**Task details**: Starting at the line that contains "Amazon.com: Babymouse #20: Babymouse", reproduce only the lines through the end of the data, exactly, including both the first and the last; skip the pictures.

Image-caption web data
########

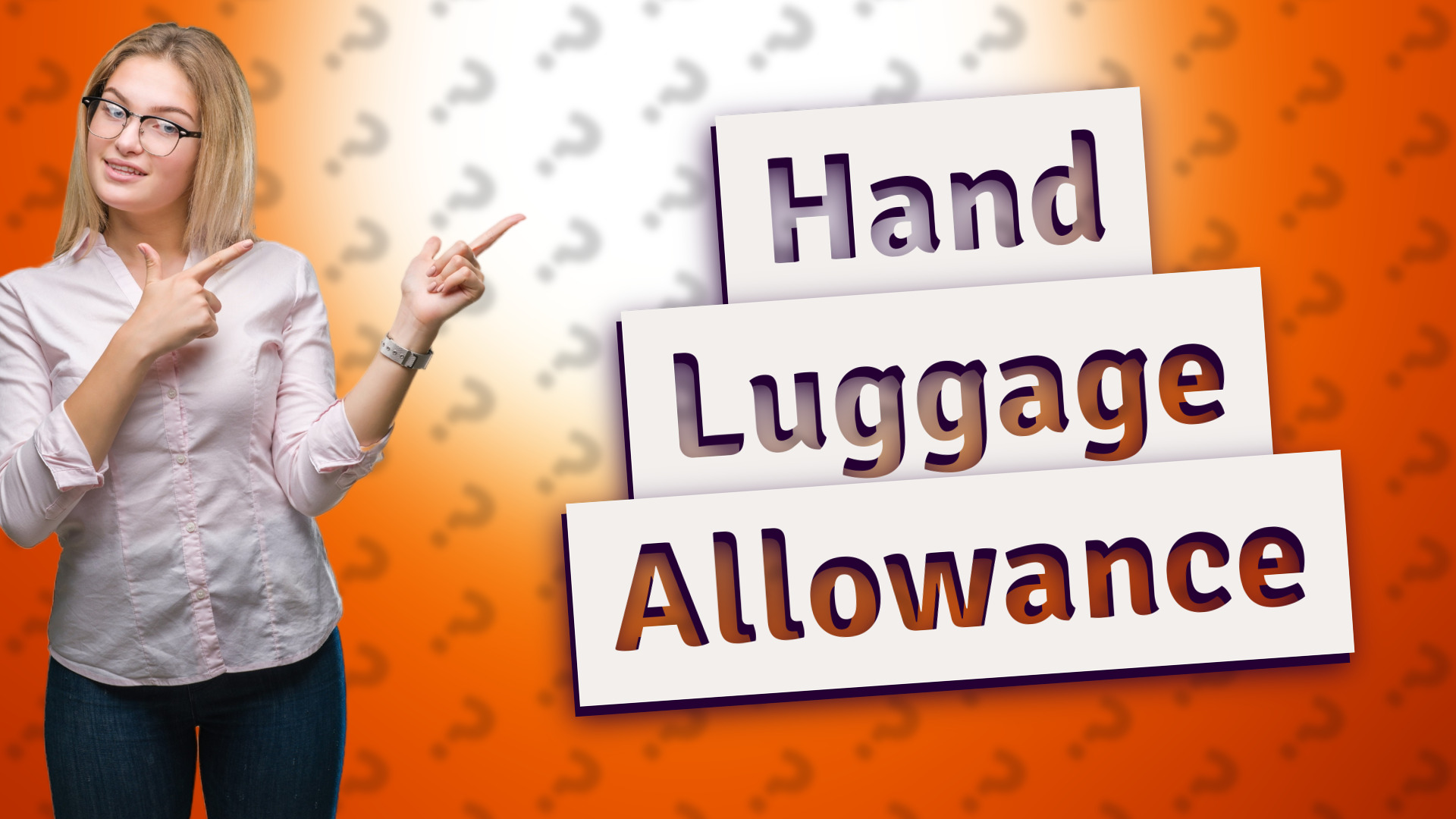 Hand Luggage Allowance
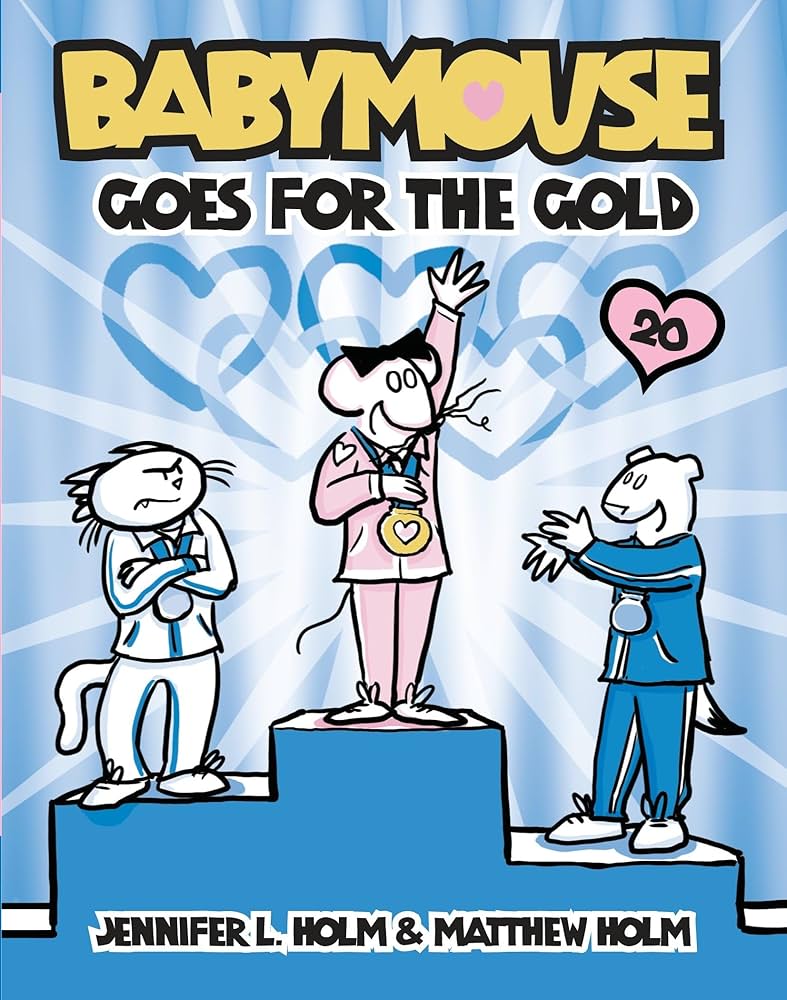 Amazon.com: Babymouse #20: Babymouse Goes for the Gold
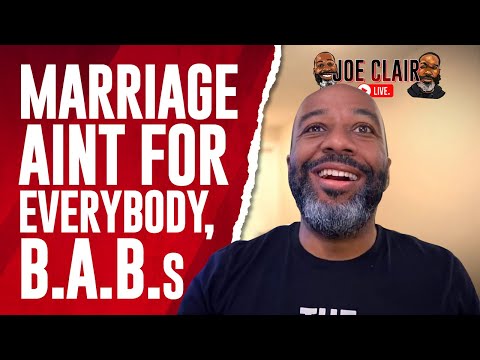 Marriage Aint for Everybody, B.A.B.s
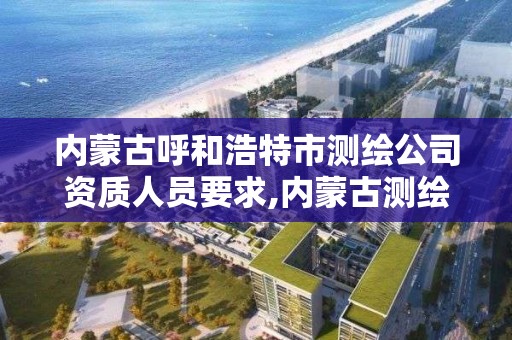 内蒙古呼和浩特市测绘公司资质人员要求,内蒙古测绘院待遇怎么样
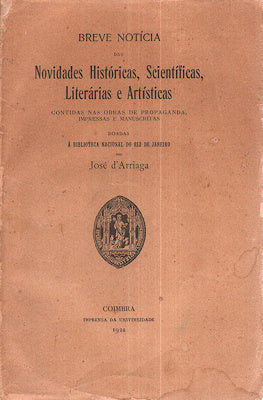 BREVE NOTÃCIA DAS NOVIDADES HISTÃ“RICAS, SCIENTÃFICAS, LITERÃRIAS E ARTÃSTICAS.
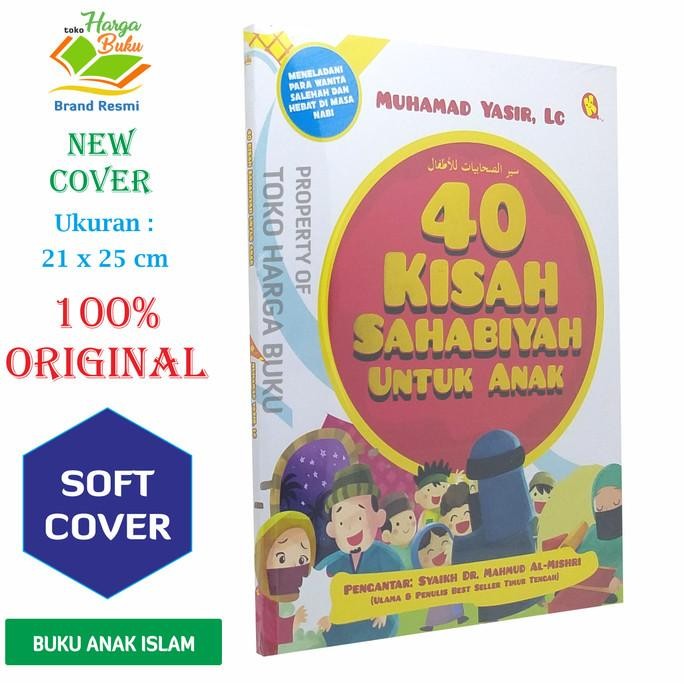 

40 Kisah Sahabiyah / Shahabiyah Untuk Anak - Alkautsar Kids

########

**Result of this task**:
 Amazon.com: Babymouse #20: Babymouse Goes for the Gold
 Marriage Aint for Everybody, B.A.B.s
 内蒙古呼和浩特市测绘公司资质人员要求,内蒙古测绘院待遇怎么样
 BREVE NOTÃCIA DAS NOVIDADES HISTÃ“RICAS, SCIENTÃFICAS, LITERÃRIAS E ARTÃSTICAS.

40 Kisah Sahabiyah / Shahabiyah Untuk Anak - Alkautsar Kids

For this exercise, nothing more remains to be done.